Now that he's made the flying leap from primetime wrestling to late-night reruns, Jesse Ventura is the perfect mancandy for "Conspiracy Theory's" target audience. While most of the show's viewers are lonely, angry Internet bullies, Ventura is a lonely, angry real life bully. Just as that one guy from work who spends most of his time editing Wikipedia and trolling sites with a lot of brightly-colored Comic Sans typeface on them has an Alex Jones video for every argument, Jesse Ventura has a different muscle group for sorting out everyone who wants to argue against him. Which is amazing, because most of the things he says are either incomprehensible or so mind-bogglingly bonkers you wish they were.
Did you make it more than forty-five seconds? If you did, I'm assuming you're either currently wearing at least one garment made of tinfoil or accidentally clicked on this link while researching your latest Blog post on people who are really telling it like it is in America today, man. In either case, I'm so sorry. Please don't send The Body on us.
The host of television's "Conspiracy Theory" now prefers to go as just Jesse Ventura, but he is often known by his one, most famous acting stage name. We're referring, of course, to Abraxas, Guardian of the Universe. Elsewhere, the man who actually considers himself a pre-eminent American thinker also goes by "The Mind," "The Governing Body," and "The Governor of Minnesota...Wait, I'm Not Anymore? Okay, Well, Fuck It." In reviewing with his agent, it was decided that "The Body That Hosts A Shitty, Viewerless, Hourlong Mockery of American History and Basic Reasoning Faculties In General" didn't have quite the same ring as just "The Body."
"Conspiracy Theory" follows the host as he travels to remote places making amazing and controversial statements like "did the government kill JFK?" and "do the Freemasons control the world?" and every other trite idea that kid from your undergrad's Philosophy Club ruined your first party of the semester with. That's right. Trite. We said it. Feel the burn.

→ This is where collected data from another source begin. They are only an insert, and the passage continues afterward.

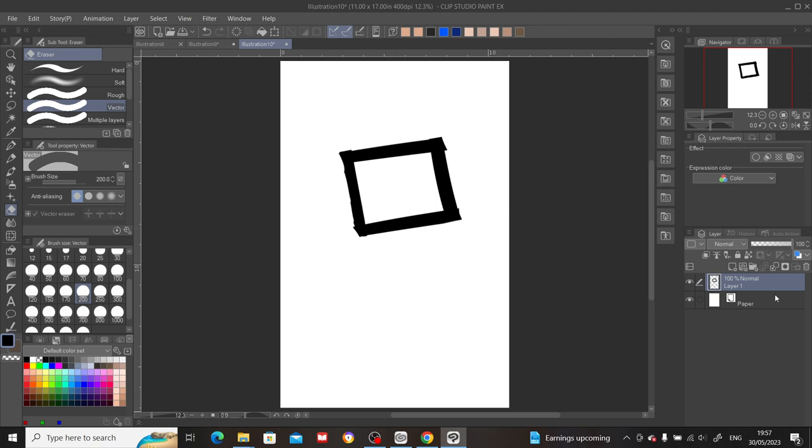So that's why I would strongly suggest that you create your drawings in the vector layer. Okay, hope this helps.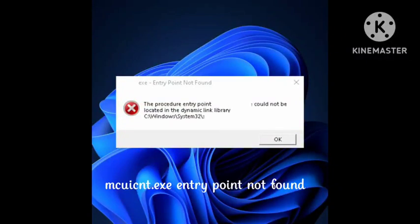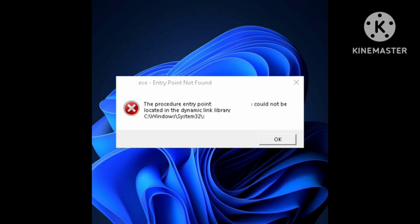Hey guys, welcome back to our channel Zero to Infinity. If you're getting the same problem that I have - the macuin.exe entry point not found error - I'll show you how you can fix this problem so the entries that are not found can be resolved.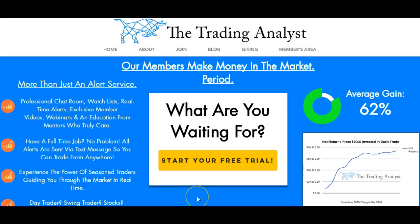Thanks for stopping by and watching the video, everyone. If you're not already a member at TheTradingAnalyst.com, go ahead and give us a visit on the homepage. If you like the free videos and analysis, it's nothing compared to the membership. Once you sign up, you'll get instant access to those profitable trade alerts that members are getting on a daily basis. It's a great opportunity and it's free to sign up.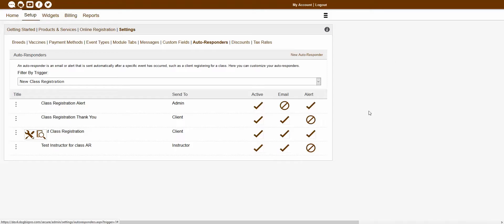Now, with this autoresponder created, you could actually assign it to a specific service or sign-up option, and we'll explore that in our next video. Hopefully that helps and explains how to create a new autoresponder. We'll see you later.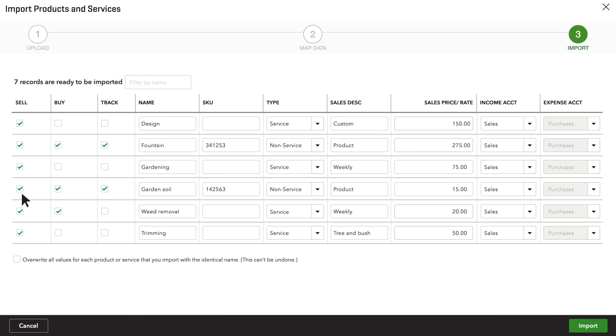Make sure the box on the left is checked for every item you want to import into QuickBooks. Then import them.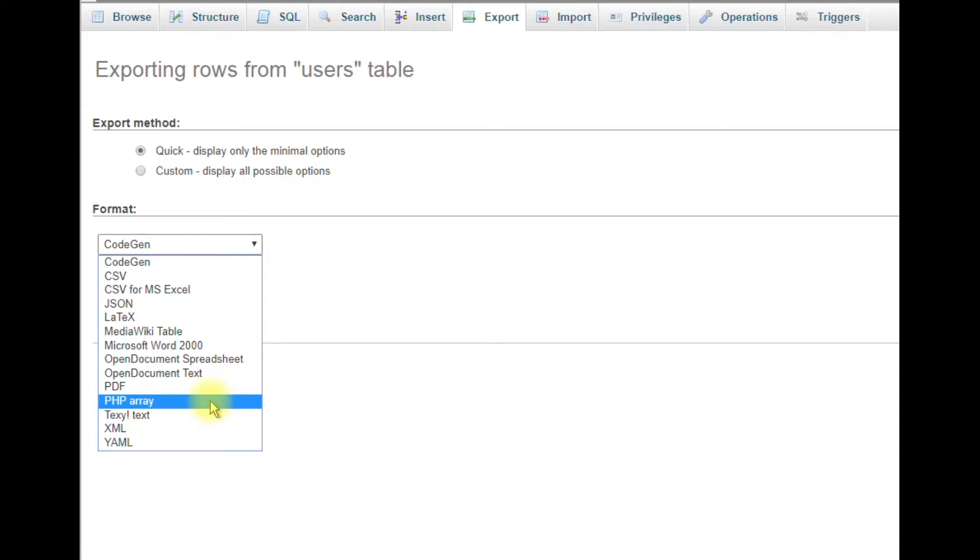What is going on here? Where is the SQL export? It's actually just a simple configuration change that we need to make in the export settings file.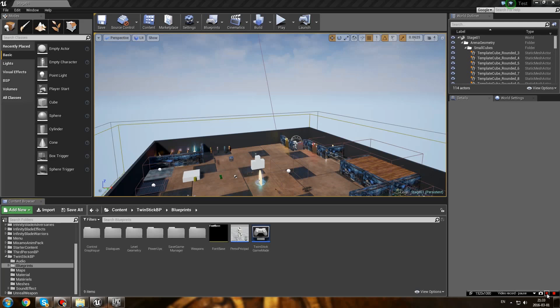Hello everyone and welcome to this tutorial on how to display a video in Unreal Engine. This tutorial is going to be split into two parts. The first one I'm just going to show you how to display a video and make it disappear when the video reaches the end. The second part is going to be how to make a skippable cutscene, so how to make your video skippable after a certain amount of time.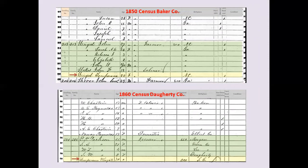Here is the 1850 census where she is finally down in Georgia. She's living with her son John Wingate. The reason her last name is written a second time is that there's someone else living with the family who has a different last name. In 1850 they did not list relationship, however you can see her birth location is listed as North Carolina, and she's listed as not being able to read or write.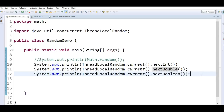Now we will see the third method by using java.util.Random. This class is present in the java.util package. For using this class to generate random numbers, we have to first create an instance of this class and then invoke methods such as nextInt(), nextDouble(), nextLong(), etc., using that instance. We can generate random numbers of type integer, float, double, long, and boolean using this class.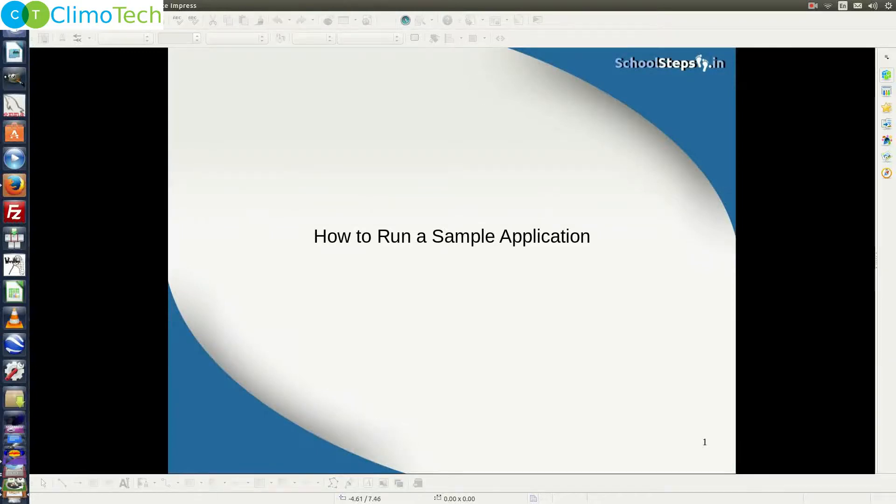Hello friends, SchoolSteps.in welcomes you again. In this tutorial, we will discuss how to run a sample application. Let's do it.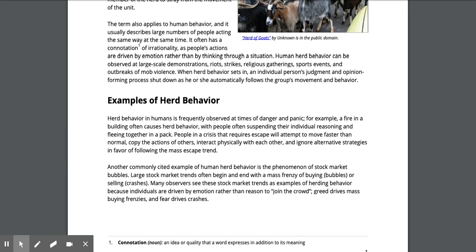The term also applies to human behavior, and it usually describes large numbers of people acting the same way at the same time. It often has a connotation of irrationality, as people's actions are driven by emotion rather than by thinking through a situation.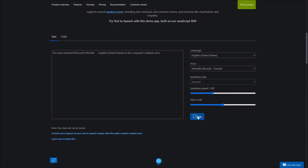You have selected Microsoft Michelle, English, United States, as the computer's default voice. You have selected Microsoft Monica, English, United States, as the computer's default voice.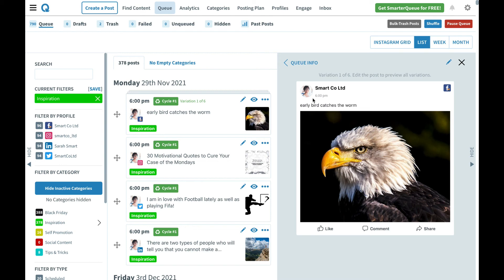So your content will stay fresh. The other great thing that you can use this feature for is to A-B test. If you want to see which image does better, this image of a bird or a personal image or what call to action does better, click here or come to my webinar.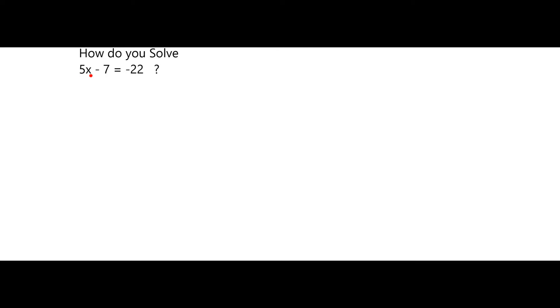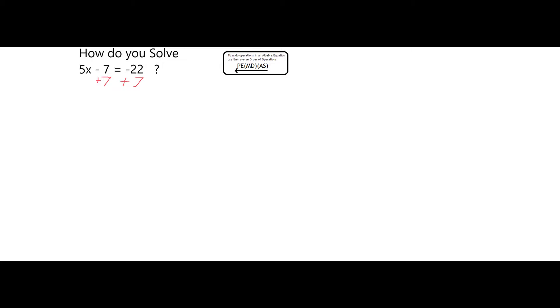To solve an equation like this, we want to reverse the order of operations and get x by itself. First, I'm going to undo my addition and subtraction. Specifically in this problem, I have a minus 7 on the left side, so I need to add 7 on both sides.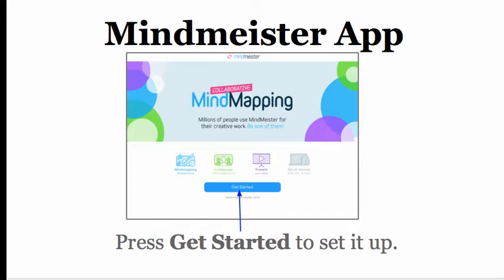The MindMeister app. Mind mapping on the iPad.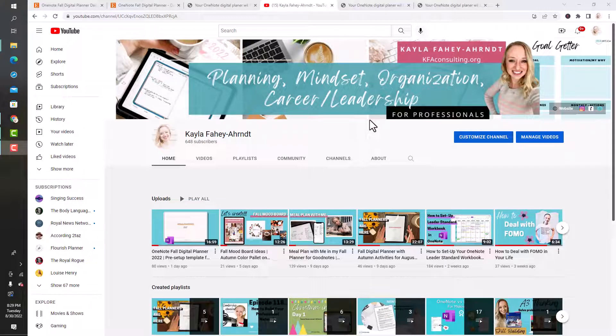Hey everyone, welcome to my channel. My name is Kayla Fahey-Arndt and I love to share about planning, mindset, organization, and career slash leadership on this channel.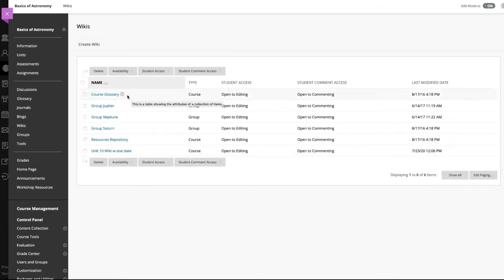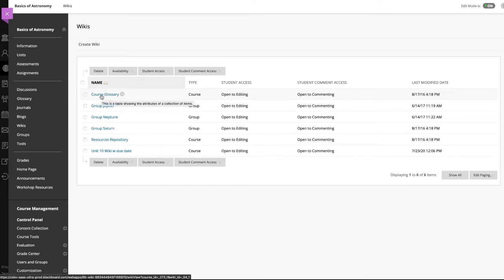From a wiki's contextual menu, you can open it, edit its properties, or delete it. You can also select a wiki title to open it.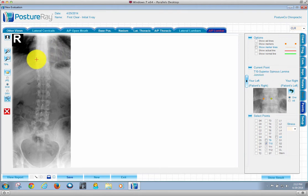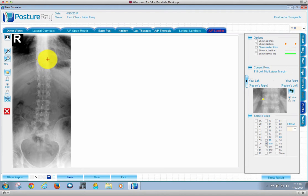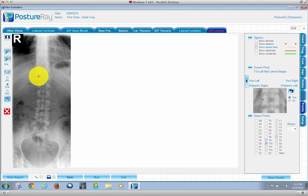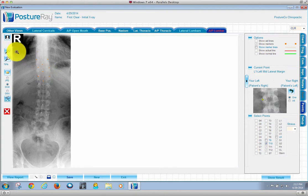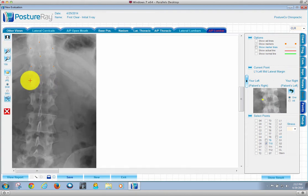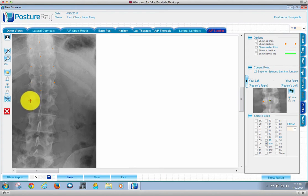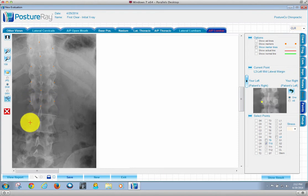So we're going to go ahead. I'm going to hit the lateral body margin, and we're going to do the tip of the spinous. Remember, it projects low on AP lumbar. And then let's blow this up a little bit. And it's this simple.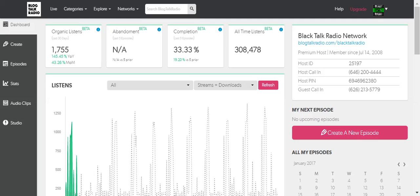So I was looking at Blog Talk Radio and I was like, let me see what it would take for us to just distribute our podcast through the platform, through our old account, Black Talk Radio. So I went ahead and signed up for the basic package because it said you could simply import your RSS feed if you are podcasting or broadcasting somewhere else.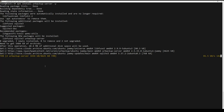During the process, the installer will ask you to specify the repository where the data will be restored. You can leave the default settings.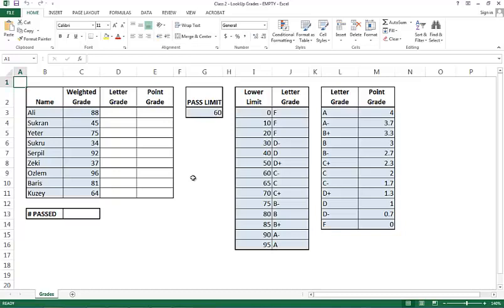When we're examining Excel as a database, it's important to visit the lookup functions of Excel. For those of you who have dealt with databases before, lookup functions are a way of merging tables and borrowing information between tables.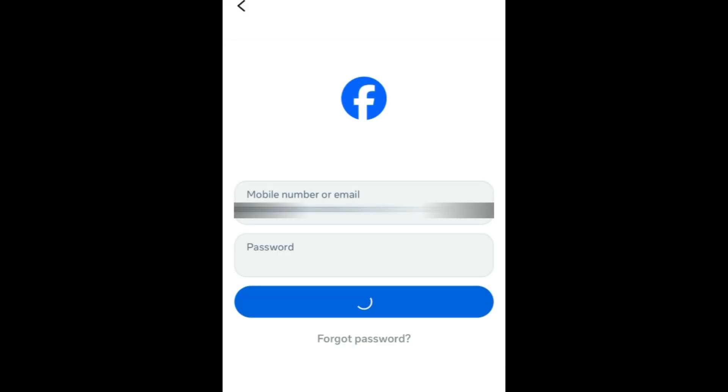To reactivate your Facebook account, simply log back into Facebook using the email address and password for the account you've deleted.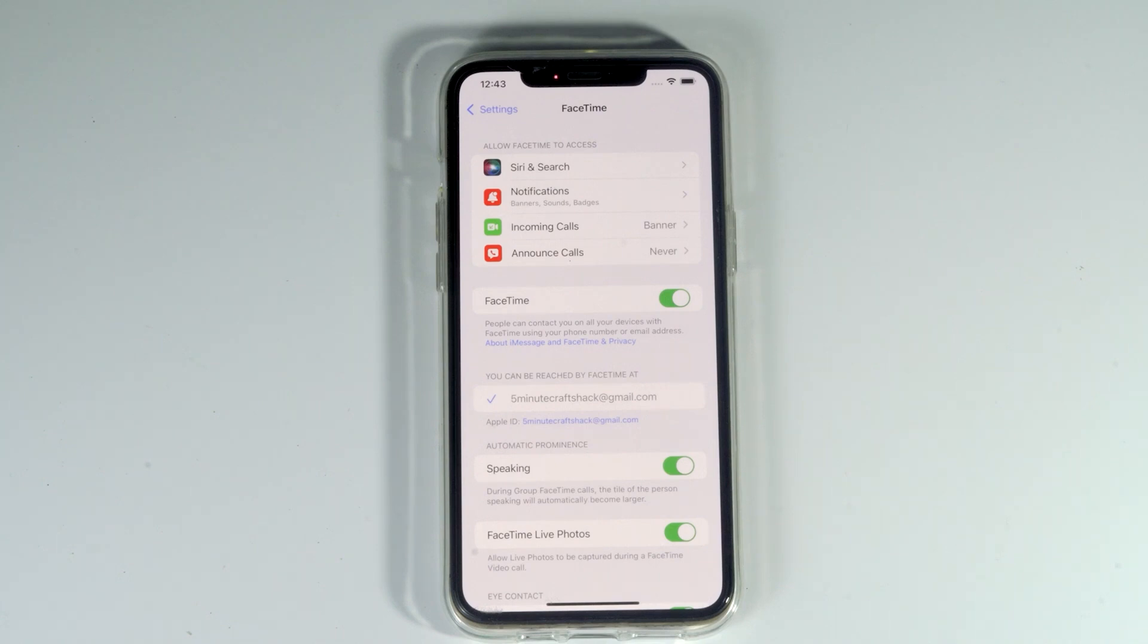Today I'm going to show you how to fix WiFi not working on iOS 15.0.2. As you can see, we don't have SharePlay over here, so let me show you how to get SharePlay on iOS 15.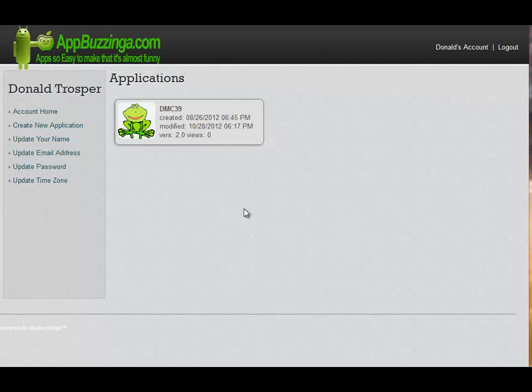Hi, I'm Don, your AppBazinga trainer. In this quick overview, we're going to cover the four key things that have to happen for every AppBazinga application.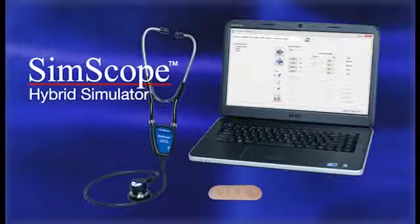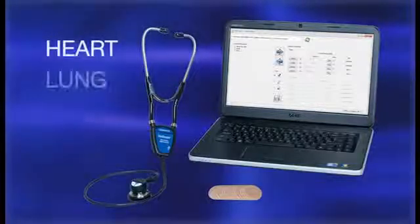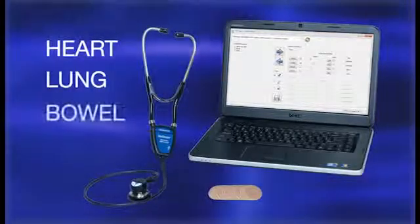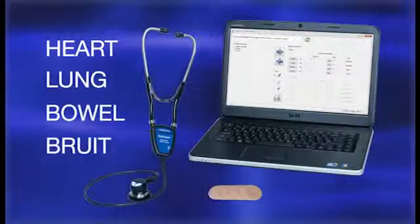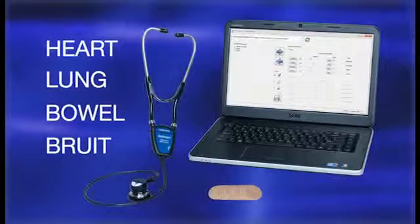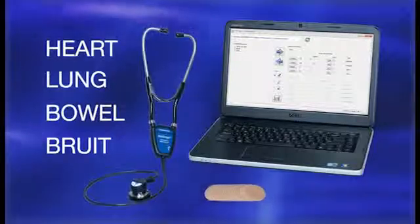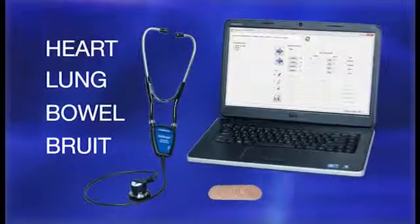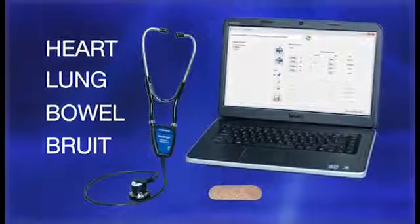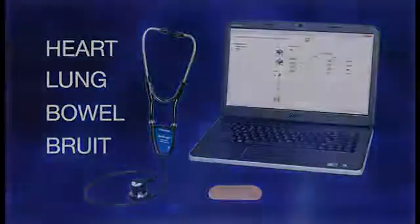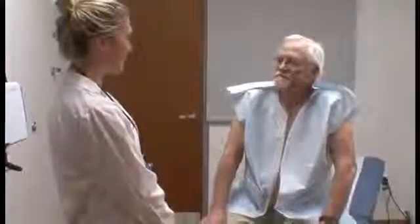The SimScope system simulates heart, lung, bowel, and bruit sounds utilizing the SimScope stethoscope, SimScope patches, and SimScope software. With simple one-on-one student-patient interaction, it is an ideal tool for use with any standardized patient and OSCE program.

The show is essentially like every other conspiracy theory show the History Channel and Syfy play when their ratings are down, which is to say, all the time. It takes itself so seriously, even the dramatic re-enactments are blurry and nonsensical. It jump-cuts like an overcaffeinated child with suicidal tendencies. The narration is loud, ominous and jarring. But every episode is ultimately fruitless, as the "theories" remain as unproven as the day they were copped by the show's lazy staff.
Well, almost fruitless.
"The government chose my wardrobe in an attempt to discredit me."
The staff long ago realized that if its good enough for "History's Mysteries," "Unexplained History," "Unexplained Mysteries," and the other half-dozen shameless clones of Leonard Nimoy's post-Star Trek career it's good enough for The Body. And if it's good enough for The Body, it's good enough for your body. Unless your body wants to be in gauze for the rest of its life, that is.